When you reach the line that contains "Before composite bonding", begin copying exactly and continue through the last line below. Do not copy pictures.

Dataset entries
────────

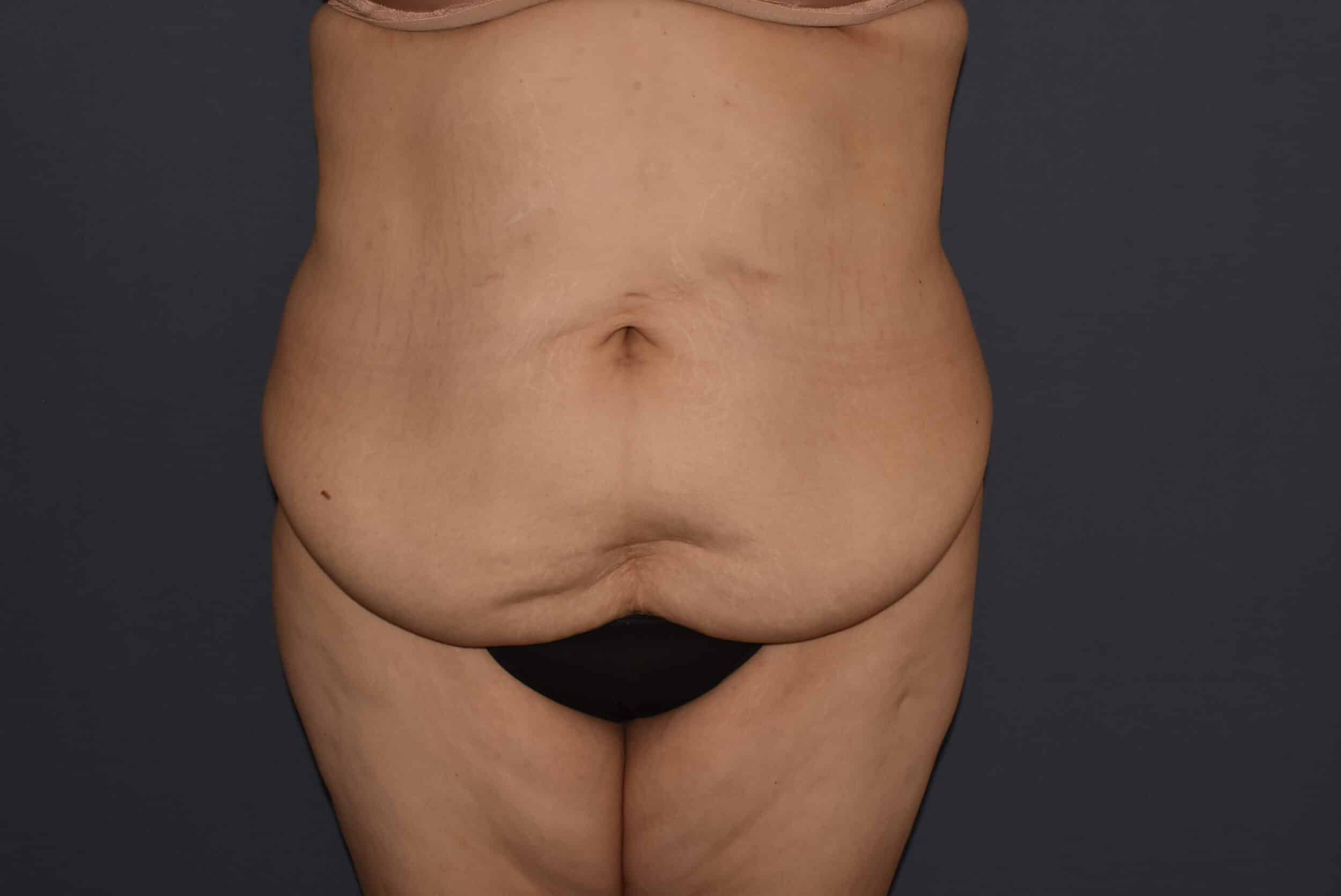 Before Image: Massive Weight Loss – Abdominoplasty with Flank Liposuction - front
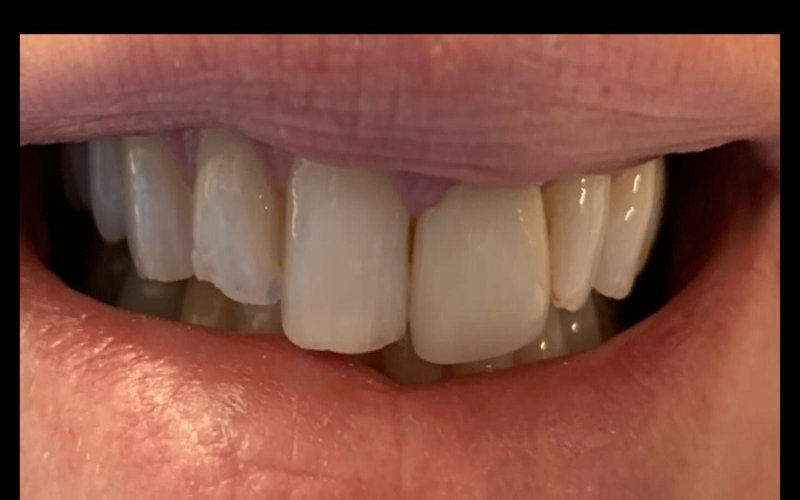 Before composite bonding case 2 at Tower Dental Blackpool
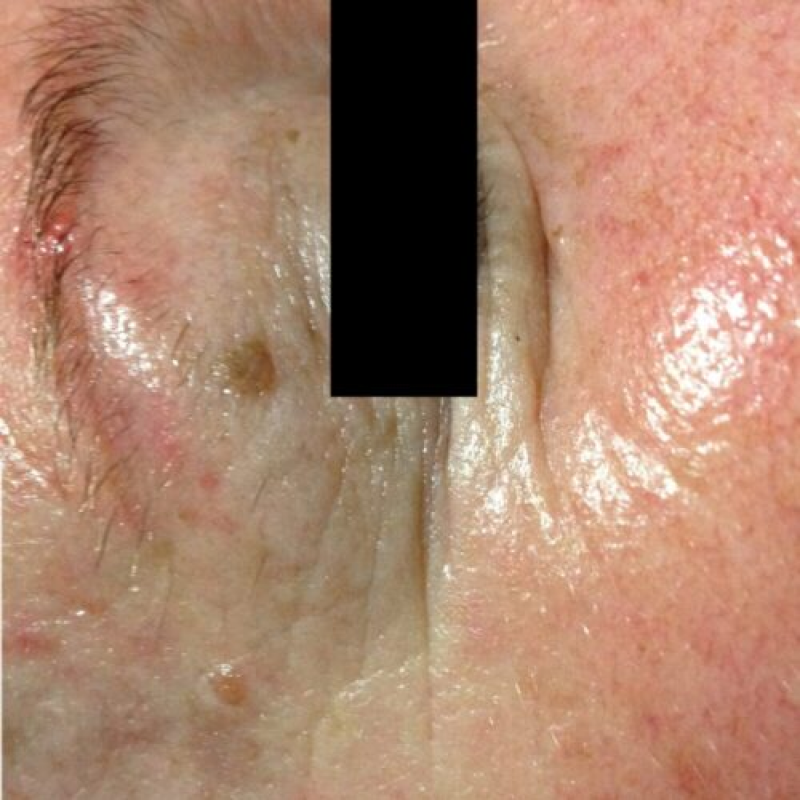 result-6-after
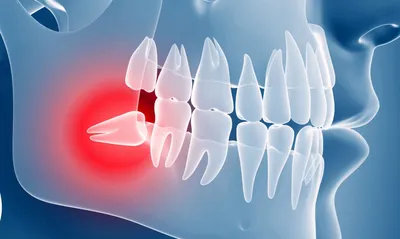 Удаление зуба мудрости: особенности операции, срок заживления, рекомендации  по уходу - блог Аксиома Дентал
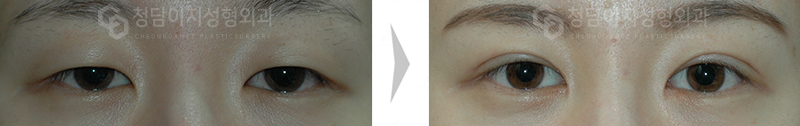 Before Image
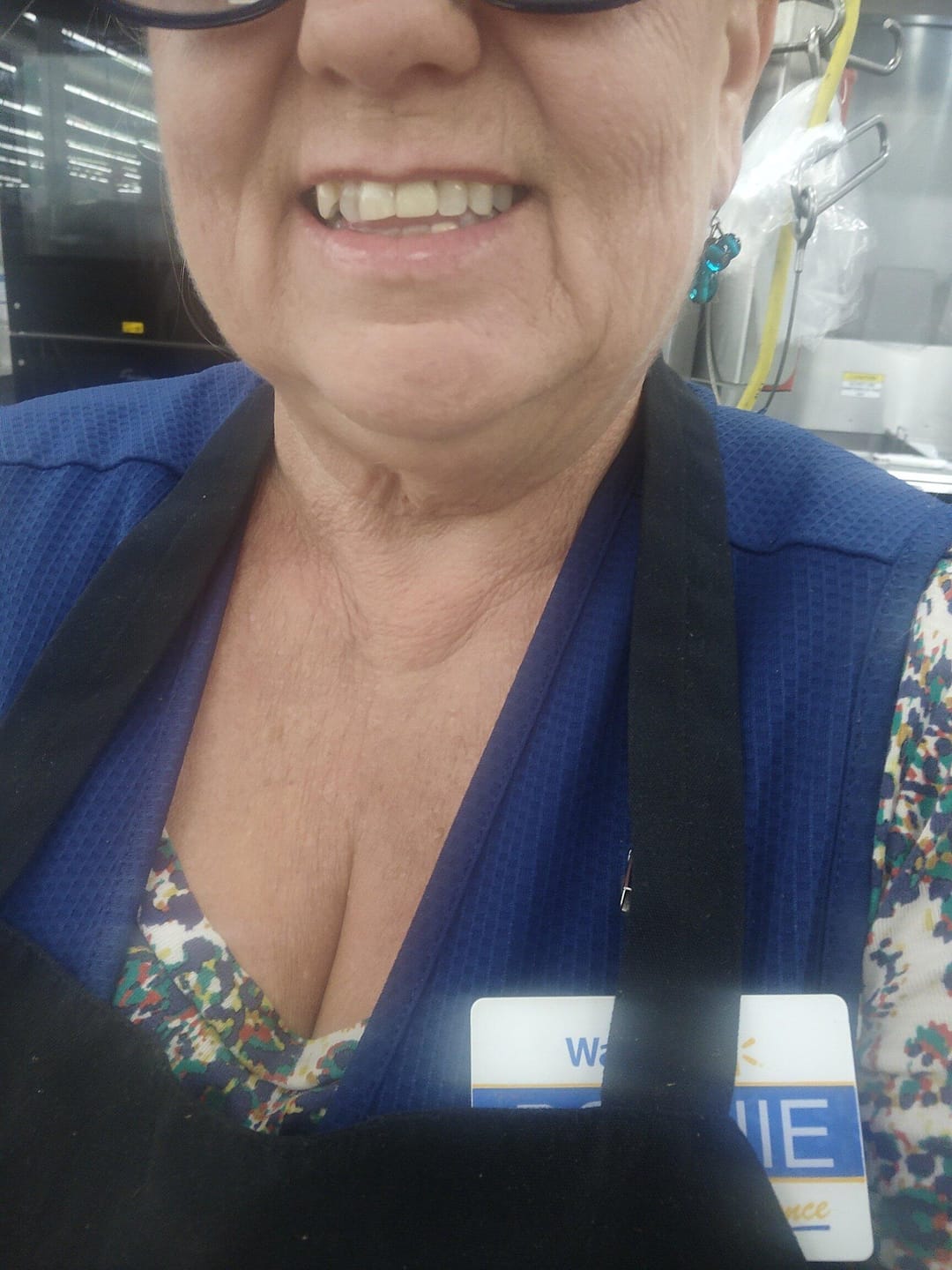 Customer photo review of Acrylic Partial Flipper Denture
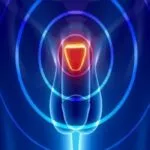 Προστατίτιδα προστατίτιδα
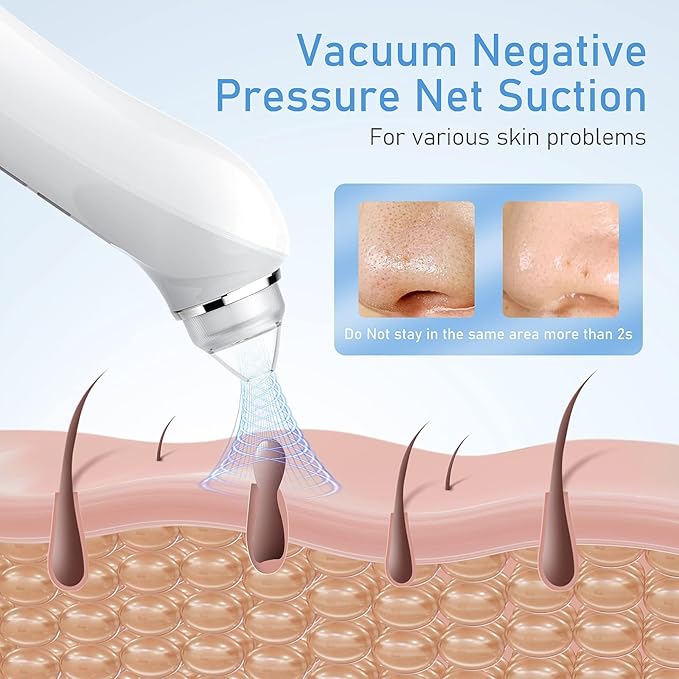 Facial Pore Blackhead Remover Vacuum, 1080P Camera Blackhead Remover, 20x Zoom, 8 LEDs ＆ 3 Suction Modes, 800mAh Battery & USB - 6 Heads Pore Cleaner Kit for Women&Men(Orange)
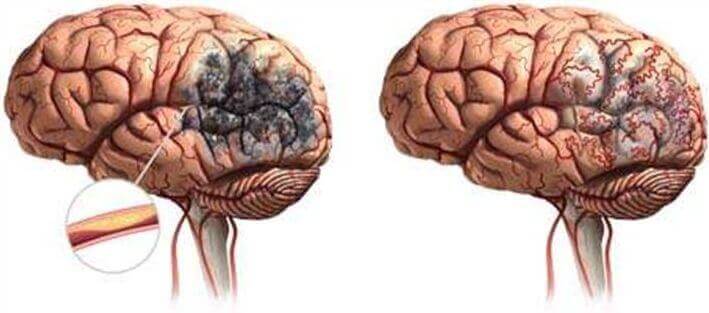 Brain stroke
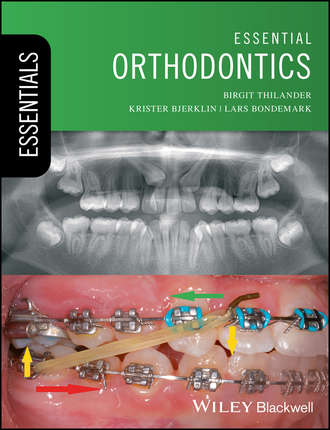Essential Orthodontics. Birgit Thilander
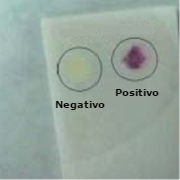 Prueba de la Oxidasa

────────

▶ **OUTPUT OF THE TASK**:
 Before composite bonding case 2 at Tower Dental Blackpool
 result-6-after
 Удаление зуба мудрости: особенности операции, срок заживления, рекомендации  по уходу - блог Аксиома Дентал
 Before Image
 Customer photo review of Acrylic Partial Flipper Denture
 Προστατίτιδα προστατίτιδα
 Facial Pore Blackhead Remover Vacuum, 1080P Camera Blackhead Remover, 20x Zoom, 8 LEDs ＆ 3 Suction Modes, 800mAh Battery & USB - 6 Heads Pore Cleaner Kit for Women&Men(Orange)
 Brain stroke
Essential Orthodontics. Birgit Thilander
 Prueba de la Oxidasa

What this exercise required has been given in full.